Trotz guten Chancen für die Eintracht steht es bei Anbruch der Schlussviertelstunde immer noch unentschieden. Weiter suchen die Gastgeber verzweifelt den Weg zum Tor, doch Bremen verteidigt gut. In der 88. Minute kommt es dennoch zur grössten Chance des Spiels, als der torgefährliche Alex Meier mit seinem Kopfball nur den Aussenpfosten trifft. Das 0:0 nützte beiden Mannschaften nicht wirklich viel, trotzdem freute sich der Bremer Anhang über den Punkt, den ihre Mannschaft heute am Main mit einer kämpferischen Leistung geholt hat.


FC Aarau – FC Zürich (22.02.14)

Weder für Aarau noch für den FC Zürich verläuft die Meisterschaft bisher verheissungsvoll und so befinden sich beide im Mittelfeld der Tabelle – weder abstiegsgefährdet, noch ein Aspirant auf einen Spitzenplatz.

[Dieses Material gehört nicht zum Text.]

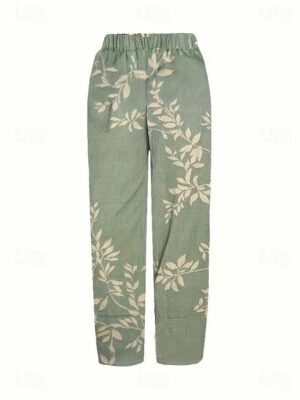 Boho Wide Leg Floral High Waist Ankle-Length Chinos - Image 15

Der FC Aarau hat in seiner Geschichte bereits drei Mal die Meisterschaft gewonnen, die Titel liegen aber weit zurück und so ist man im Aargau froh, dass sich der Aufsteiger souverän vom Abstiegsplatz fern hält. Das Stadion Brügglifeld kommt mit einer überdachten Tribüne und Stehtraversen auf den drei Seiten daher. Das Wetter schien heute nicht auf Seite der Fans, denn es regnete in Strömen und der Platz präsentierte sich tief. Trotzdem gingen die Mannschaften voll zur Sache, was viele Freistösse mit sich führte. So auch in der 40. Minute, als Alain Schultz sich die Chance nicht nehmen liess und gegen den Spielverlauf aus rund 30 Meter den Führungstreffer für die Aarauer markierte.

In der Pause hat FCZ-Trainer Urs Meier offenbar die richtigen Worte gefunden, denn die 4'989 Zuschauern sahen einen FCZ, der nun wesentlich konsequenter zur Sache ging. So gelang dem Gast in Person von Avi Rikan der 55. Minute der Ausgleich, der eine Vorlage von Ex-St.Galler Etoundi zum Ausgleich ins linke Eck schob. Als nichts mehr auf einen weiteren Treffer hinwies, traf Pedro Henrique in der 88. Minute mittels Penalty zum viel umjubelten 1:2 für die Gäste. Der Aktion war ein Foulspiel von Aarau-Verteidiger Jaggy an den Siegtorschützen vorausgegangen. Der FC Zürich konnte den Vorsprung, obschon hektischer Nachspielzeit, über die Zeit retten und revanchierte sich somit für die Blamage aus dem Vorjahr.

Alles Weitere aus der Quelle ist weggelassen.